Alter the Tone of the Debate
As
with most controversial aspects of American politics, the debate over Iraq has
largely involved people in all sides talking—or screaming—past each
other. That, of course, is not the way we like to work. We can, however, use
our toolkit to help make the discussion on the war more civil and then use that
civility to help people see areas they could move forward together rather than
in confrontation.
Colleagues
at ICAR, Search, and three local congregations recently put together a forum on
“wrestling with war with Iraq.” We made certain that we had all
major points of view represented on the panel. We also made certain that we
chose individuals who respected other points of view, listened to others, and
did not go for the intellectual jugular.
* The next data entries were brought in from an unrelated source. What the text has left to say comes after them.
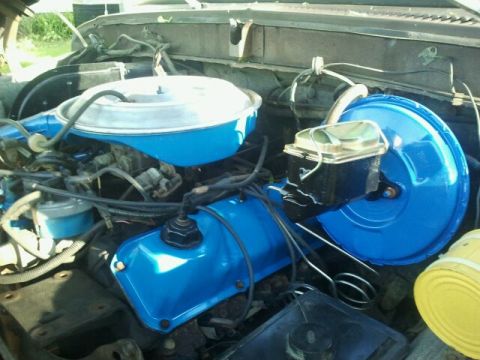 1979 Ford Bronco - Close-up of an engine bay, showing various components and blue painted parts.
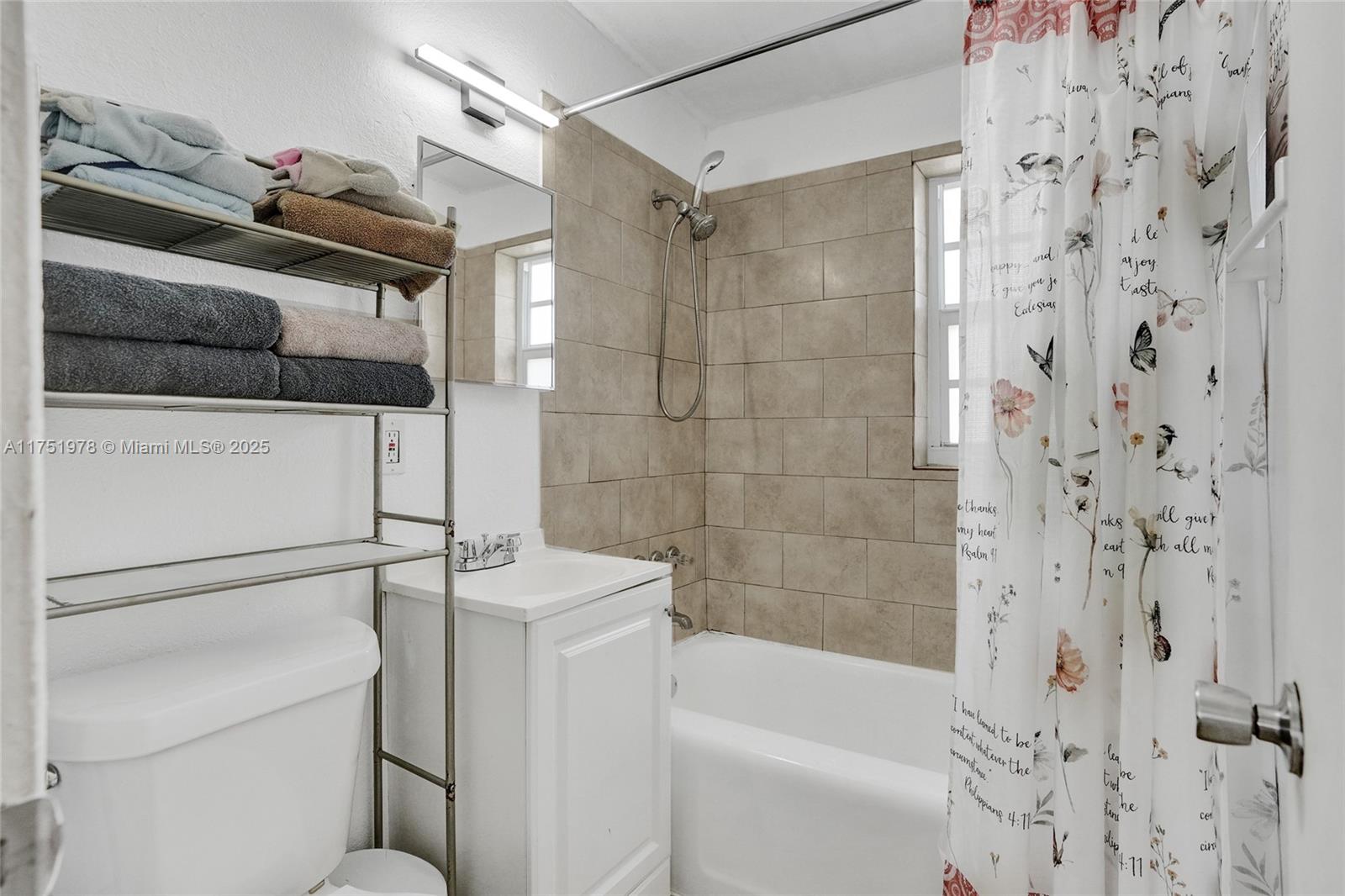 2091 Rutland Street Opa-Locka, FL 33054 - Photo 8 of 25 a bathroom with a bathtub and shower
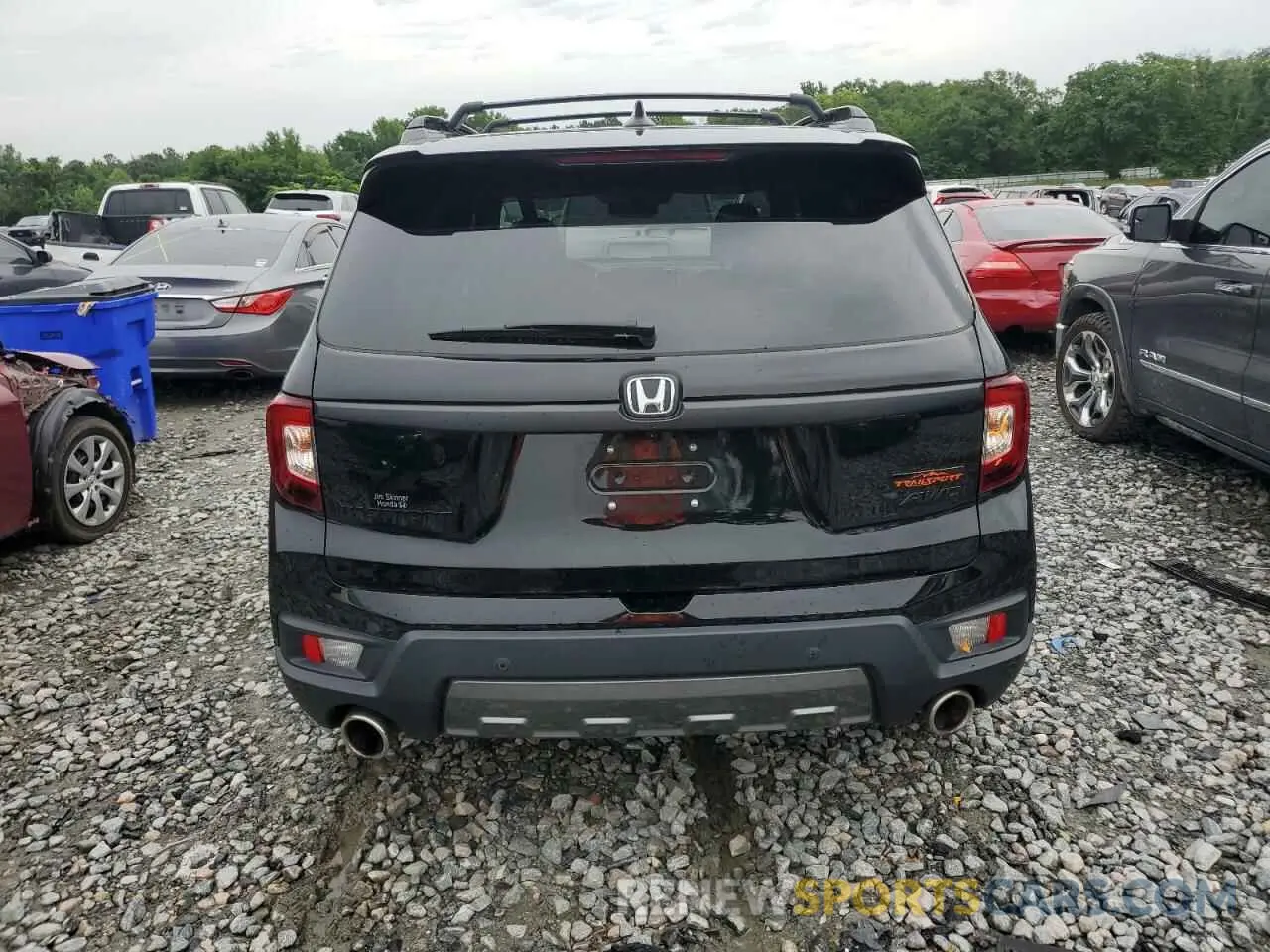 6 Photograph of a damaged car 5FNYF8H65PB000869 HONDA PASSPORT 2023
We also made certain that the
moderator and one of the participants were experienced conflict resolution
facilitators.
The
conflict resolution practitioners did what we normally do when we facilitate a
process. They sought and focused on areas of agreement. They set a tone of
dignity and respect (and humor). Mostly, they tried to take the discussion
beyond the narrow positions the other panelists held to the broader interests
in ways which reflect our stock in trade. In short, they tried to reframe the
debate so that all parties at least understood each other better and began to
look for areas where they actually did agree (e.g., the horrid historical track
record of the Baath regime since it took power in 1968, the desire to avoid war
if possible).[3]
The
300 people in the audience were treated to a remarkable evening. I’m not
sure we reached Daniel Yankelovich’s definition of a dialogue in which
there is a discussion which is so charged that no party remains unchanged. But
we came close.
From Process to Position Advocacy
What
follows is the most difficult of the three points in this section and one that
will take us a while to master—if I’m right about it in the first
place. In essence, it lays out the first basic steps toward making the conflict
resolution community more political while remaining true to its bridge-building
and cooperative problem-solving commitments.
For
the most part, the conflict resolution community has shied away from political
advocacy with one very important exception. We cherish our role as third party
neutrals who can help people settle disputes because we have little or not
vested interest in any particular outcome.
The
one exception of course is our advocacy for conflict resolution processes. For many of us, that has meant trying to expand the
use of mediation and alternative dispute resolution whenever and wherever possible.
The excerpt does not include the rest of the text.